For me, Digi-Key and Mouser are my primary resources. They have HUGE selections and very high in-stock rates for the parts they stock (they are also an ordering point for lots of non-stocked parts). They are competent and easy to work with and they ship the same day. But they are not cheap, though their onezy prices have gotten a lot more competitive than they were twenty years ago.
Then there are (were, I don't know which ones are still around or how they have evolved) places like Allied and Marshall who were volume distributors and had a much larger selection of components than Digi-Key and Mouser (not nearly the case now as Digi-Key and Mouser carry just about everything on the planet, it seems) and had much better prices, but you almost could never by anything in low quantities and often had to buy 1000 or more (maybe 50 for something expensive). But sometimes you got lucky and they had a broken lot that they would sell individual units from.
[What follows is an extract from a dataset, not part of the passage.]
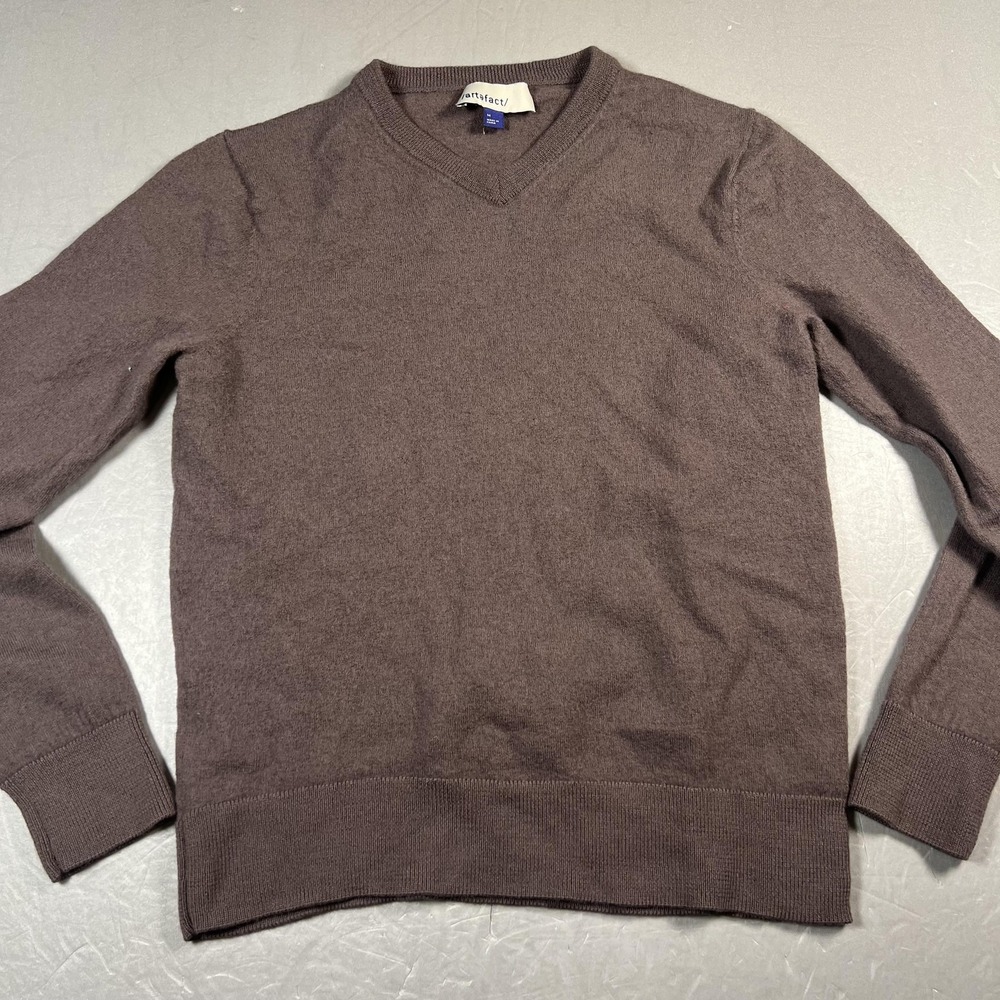 Artefact Sweater Mens  Medium Brown 100% Merino Wool V-Neck Pullover Knit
Then there were the engineering samples from the manufacturers. It was amazing the range of parts you could get them to send you for free. I've gotten $100+ parts (I think my personal record was a part that was about $300 and of which they sent two of them) and some places would just routinely FedEx them overnight to you. It actually made sense -- they knew that the Digi-Key/Mouser types didn't stock them and they knew the Allied/Marshall types were going to insist you by lots of them. So to get people to design around their components, the manufacturers needed to supply samples pretty liberally. But while I know sampling still happens, I think it has been greatly curtailed, in part because now the Digi-Key/Mouser folks make most things available in single-quantities. But also, like everything, lots of computing power means lots of bureaucracy -- before I would call up Motorola or National, talk to an applications engineer and ask if they could sample me this or that, then that person would go pull the samples, put them in an envelope and handwrite the address on it and throw it in the mail. Now it's all computerized and official and layered with rules and policies and procedures.
So what did all this mean for me as a student/hobbyist/engineer?
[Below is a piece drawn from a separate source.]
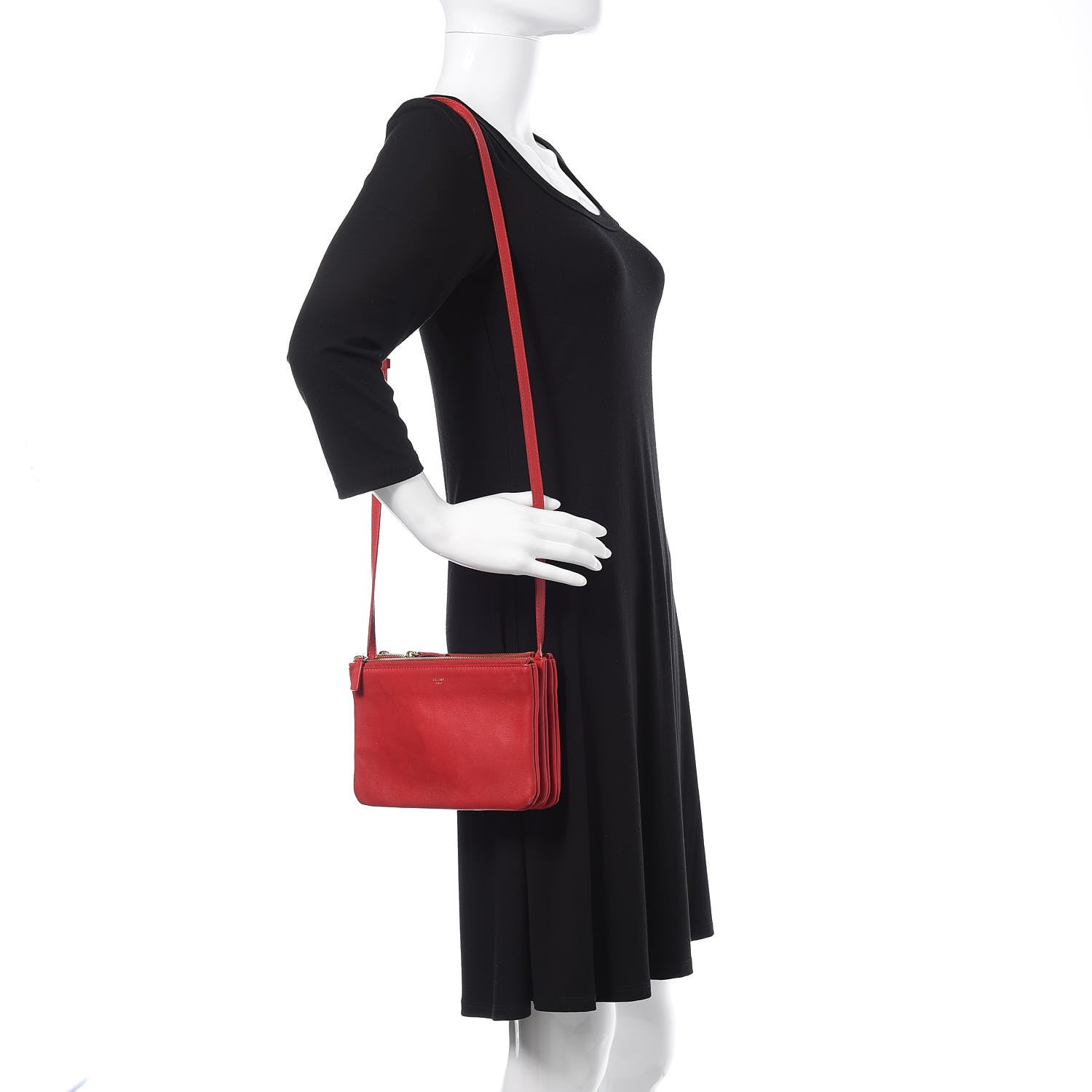 Celine Lambskin Small Trio Crossbody Bag Red 2 of 18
As a student and hobbyist, my time was cheap but money was scarce. So I hated Digi-Key and spent hours going to surplus stores or ripping old equipment apart to scavenge parts.
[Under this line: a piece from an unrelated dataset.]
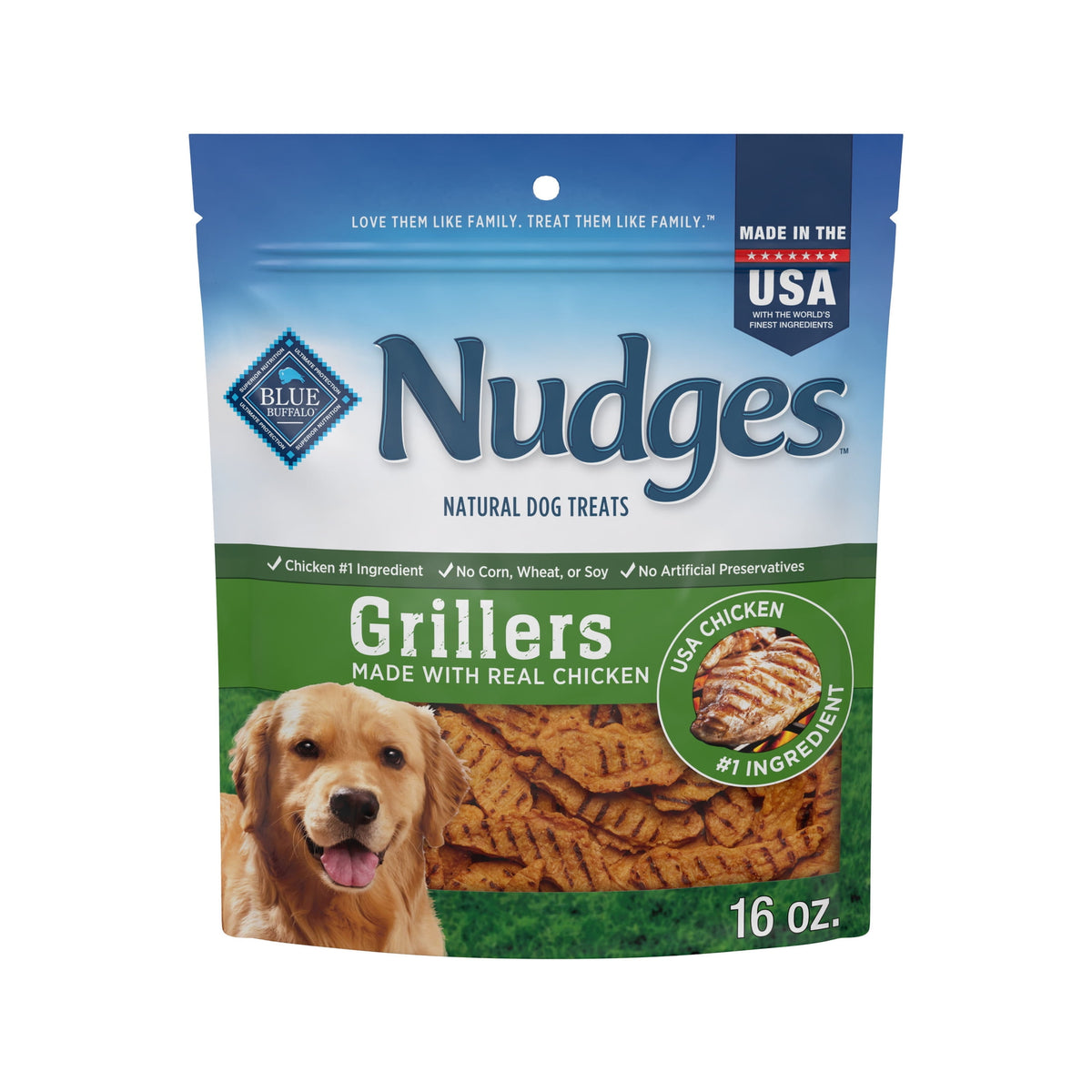 Blue Buffalo Nudges Grillers, Natural Dog Treats, Chicken, 28oz Bag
As an engineer, I very quickly learned that my time was valuable and that money was relatively cheap. If I spent an hour trying to find a place that would sell me a part for $50 that Digi-Key sold for $80, I had just cost the company money. So when I needed parts (generally for test systems to test an IC coming back from fab) I pulled out the Digi-Key catalog and if they carried it, I ordered it from them because the degree to which I knew they would have what I needed made their prices a bargain. And, of course, Digi-Key knew this, which is why they went to great lengths to have stock on virtually everything in their catalog.
But the bottom line -- and I apologize for the tome -- is that in the U.S. we are very fortunate because we have easy access to a large fraction of the components we might want or need and we seldom have to look at more than a few places to find it and we can get it in our hands in only a day or two if we need it badly enough. Or, we can spend more time and effort and get stuff cheaper, but those options do seem to be drying up here because the surplus industry has largely died.
So what's it like in the rest of the world? Would you classify your ability to get electronic parts as easy, okay as long as it's something real common, or impossible unless you can strip it out of something you find on the side of the road?